Initially, however, Chopra, who is also the President of Nepean Nighthawks FHC, is overjoyed with their work offering barrier-free hockey to Indigenous youth.
The Nepean Nighthawks are extending their barrier-free programming into the summer months of 2023. CBC Radio reported a story about the program. LISTEN TO THE CBC REPORT HERE.
The Stick Together program started in January and offered free Saturday beginner indoor hockey programs to Indigenous youth. The registrants joined the existing beginner workshops every Saturday for hockey instruction, culminating in tournament in March.
The program included easy registration, free transportation, and equipment for the sessions. According to Chopra, program coordinator, the goal was to reduce barriers as much as possible. And with that, she feels like they reached a community in need of access to sport.
“The feedback from the parents and community was so great. I heard from parents that said their kids would never have had the chance to participate in this, let alone even had access to running shoes,” Chopra said. “So that was an indication to me that programs like this are needed.”
The Stick Together participants joined Nepean Nighthawks beginner indoor sessions every Saturday from January to March. Photos/Provided.
The culmination of the program was a tournament called the Frosty Cup, an annual mixer tournament that is open to all skill levels and ages in the club. Chopra said this was an exciting event and a chance for the participants to see different levels of hockey.
“Our club works best when it is a tight-knit community, as opposed to groups operating in silos. We like to have club events so everyone can see how they fit into the community,” she said. “For the Frosty Cup, we ask all the teams to all come together and mix in. We have a skills competition and scrimmages. It’s especially good for the beginners getting to see the more experienced people passing and playing. It’s a really good way to integrate the [Stick Together participants] into the wider group.”
Chopra said that the integration with the other beginners and with the club as a whole is a critical piece to making everyone feel welcomed and included in sport.
“When the kids join this program and learn field hockey, they are a Nighthawk,” she said. “The Stick Together Program is a gateway to get registered, barrier-free, it gets them in the door, then they have the opportunity to continue.”
Chopra and her family have been long standing members of the sport and hockey community in the Ottawa area. As far back as she can remember, her parents have been involved in the administrative side of the game. That familial connection to sport organization has led Chopra down this route to supporting community sport programming.

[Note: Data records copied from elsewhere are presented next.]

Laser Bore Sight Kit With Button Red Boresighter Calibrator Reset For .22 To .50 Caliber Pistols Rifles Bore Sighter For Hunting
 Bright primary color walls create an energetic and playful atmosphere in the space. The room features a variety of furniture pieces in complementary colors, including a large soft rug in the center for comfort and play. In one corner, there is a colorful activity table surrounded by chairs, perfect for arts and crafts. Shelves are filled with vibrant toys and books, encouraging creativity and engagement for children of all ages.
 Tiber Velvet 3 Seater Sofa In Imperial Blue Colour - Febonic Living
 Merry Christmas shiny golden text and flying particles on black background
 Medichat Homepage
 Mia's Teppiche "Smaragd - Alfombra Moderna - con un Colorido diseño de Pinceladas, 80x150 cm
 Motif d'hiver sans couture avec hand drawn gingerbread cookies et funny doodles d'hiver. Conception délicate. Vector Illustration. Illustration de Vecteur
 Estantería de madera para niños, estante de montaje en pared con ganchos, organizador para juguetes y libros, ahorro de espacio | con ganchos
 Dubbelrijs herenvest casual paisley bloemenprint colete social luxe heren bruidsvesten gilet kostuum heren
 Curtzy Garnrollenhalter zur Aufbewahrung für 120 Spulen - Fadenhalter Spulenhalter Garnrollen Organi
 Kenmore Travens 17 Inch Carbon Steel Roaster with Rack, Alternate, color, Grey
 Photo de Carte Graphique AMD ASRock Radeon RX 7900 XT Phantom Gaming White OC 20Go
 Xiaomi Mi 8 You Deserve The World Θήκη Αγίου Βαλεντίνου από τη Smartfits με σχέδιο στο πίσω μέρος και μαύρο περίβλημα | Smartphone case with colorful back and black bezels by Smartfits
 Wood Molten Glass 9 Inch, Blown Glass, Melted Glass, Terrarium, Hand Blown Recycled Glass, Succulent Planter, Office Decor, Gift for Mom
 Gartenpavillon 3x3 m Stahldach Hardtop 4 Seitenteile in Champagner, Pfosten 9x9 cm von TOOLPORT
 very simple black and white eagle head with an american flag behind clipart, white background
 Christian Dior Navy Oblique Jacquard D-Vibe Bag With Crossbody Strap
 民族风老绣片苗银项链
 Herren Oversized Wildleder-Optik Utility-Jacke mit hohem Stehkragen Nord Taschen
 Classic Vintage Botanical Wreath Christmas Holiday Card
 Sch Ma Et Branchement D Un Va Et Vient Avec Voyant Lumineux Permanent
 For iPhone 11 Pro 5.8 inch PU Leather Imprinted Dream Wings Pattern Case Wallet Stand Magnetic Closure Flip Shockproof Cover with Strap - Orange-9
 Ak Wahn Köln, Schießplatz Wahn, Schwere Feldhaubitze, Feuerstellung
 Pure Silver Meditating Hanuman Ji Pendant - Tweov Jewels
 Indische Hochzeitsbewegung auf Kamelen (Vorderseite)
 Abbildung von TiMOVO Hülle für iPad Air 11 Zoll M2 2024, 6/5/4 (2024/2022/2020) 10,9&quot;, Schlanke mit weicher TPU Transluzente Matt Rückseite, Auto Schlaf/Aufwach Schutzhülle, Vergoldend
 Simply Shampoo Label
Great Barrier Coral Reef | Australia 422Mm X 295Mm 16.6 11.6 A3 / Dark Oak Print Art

The Chopra family along with the Nepean Nighthawks club is spearheading the creation of a new field hockey facility in the Ottawa area, called the Field Hockey Centre. According to Chopra, with that creation comes more field access and even more opportunity for Indigenous youth, newcomers to Canada and other in-need communities to access sport.
“In order to keep this program going and to grow it, we’ll need a flow of money. We understand government funding comes and goes, so we are going to work hard to find other partners to make sure we can continue to offer programs like this,” she said. “We have partnered with a local tech company that has committed to helping with this program. It’s an example of reaching out to community partners to keep that flow going.”
Chopra and the Nighthawk club felt that the initial pilot of the Stick Together program was a success. Several of the attendees have already registered for the summer leagues and Chopra said they will really know for sure when those kids are old enough to start coaching in the community. For now, they are looking forward to continuing to offer accessible programming to underserved communities in the Ottawa area.
The Stick Together grant supports the creation or continuing progress of projects that specifically target these equity-deserving groups. Any one project can receive up to a maximum of $15,000 (depending on the total number of final applicants) to a total amount of $65,000 will be disbursed in year one of Stick Together.
In the fall of 2022, Field Hockey Canada, in conjunction with Canada Sport for All (CSAI), launched the Stick Together initiative. The Stick Together project seeks to remove barriers and increase sport participation rates for underrepresented groups in field hockey. Equity-deserving groups include Indigenous peoples, People of Colour, 2SLGBTQQIA+, people with low income and newcomers. The purpose of Stick Together is simple: to increase participation and retention in field hockey.